CULINARY: My third night at Pigalls, some goodbyes, and more…

 

On Saturday (February 19, 2005) I worked at Jean-Robert at Pigall’s restaurant for my third night. I arrived around 1:30pm and worked until almost 11:00pm. 

Before the family meal (which was La Rosa’s pizza that Scott provided), Chef held a meeting of the kitchen staff to which I was invited. It was the first time I’d been in the dining room since I started there (though I’d previously been there as a guest).

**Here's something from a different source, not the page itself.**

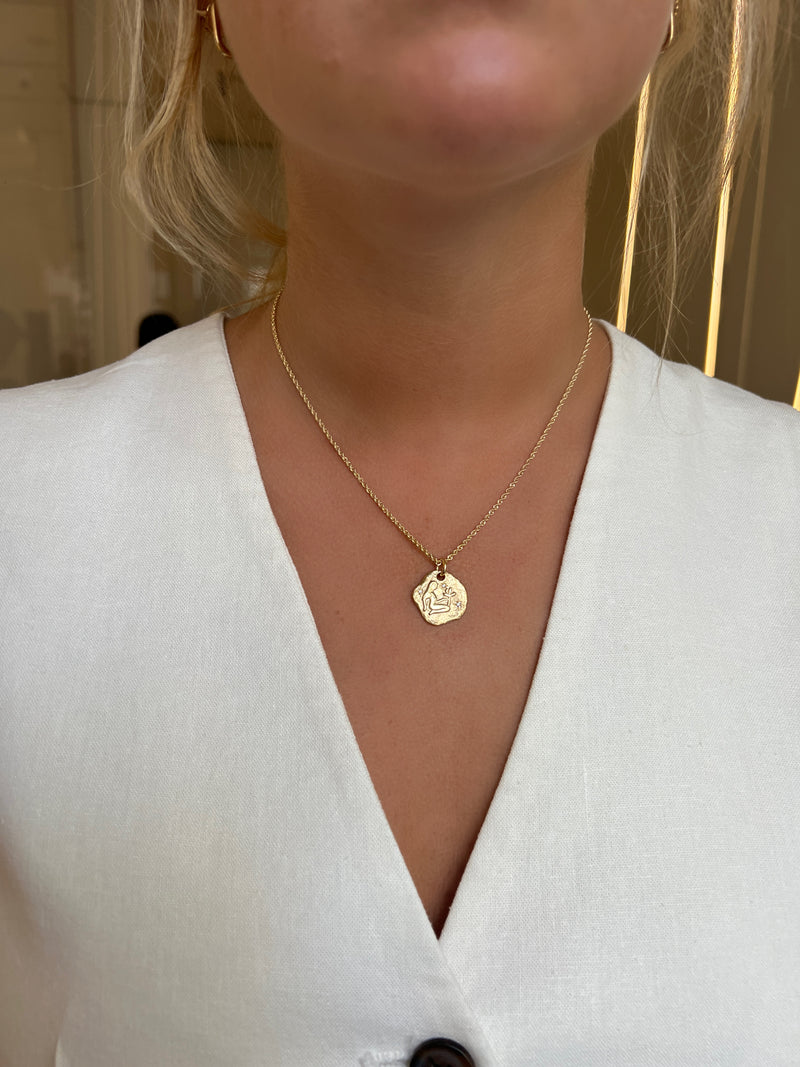 VIRGO ZODIAC MEDALLION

The purpose of the meeting was to re-assign the staff to new positions in the kitchen because three of the guys were moving on to other opportunities. Most of the guys were assigned to a new station, which I later learned is a pretty usual occurance in restaurants — this keeps things fresh and allows the guys to continue learning. The Chef singled out each guy in turn, told them what their new position would be and why he was moving them. For every person, Chef indicated both things they were good at and areas that needed improvement, and indicated how the new position would allow them to improve. The meeting lasted about half an hour, and as we were walking back to the kitchen, one of the guys said, “I can smell the weeds from here”. We were slammed a bit to catch up on prep, but everything came together in time for service.

In the interest of letting the guys settle into their new routines, I chose to take the next couple Saturdays off. The last thing they need is me bashing around while they’re still trying to find their groove. Currently, the plan is that I’ll work again on Saturday, March 12.

To celebrate the last day of Thomas, Scott, and Billy on Saturday (February 26), I took down a cooler full of Coca-Cola and some Snickers bars to the guys. Thomas is headed out of the country to work in a restaurant-exchange program, Scott is headed out West, and Billy is heading off to culinary school. Jean-Robert is very supportive of the future careers of these guys, and helped them by directing them to restaurants and chefs, and making connections for them. I enjoyed working with these guys a whole lot, and will miss them in the kitchen. Best of luck to them all!

I took a half-day’s vacation from work on Thursday, February 24 to work in one of the prep kitchens at Cincinnati State College. They celebrated the grand opening of the new building (which houses the educational kitchens) on Friday, February 25 and loads of food needed to be prepared. I worked with one of my old classmates, Al. It was nice to see him in the kitchen — we’ve had lunch a couple times since our program ended, but I hadn’t had the chance to cook with him in a while.

After prep was complete, Chef Nease (my instructor for my BUTCHERY AND FISH MONGERING class) gave me a short tour of the new building. It is amazing, and poises Cincinnati State’s Midwest Culinary Institute for a very bright future. This is a top-notch facility.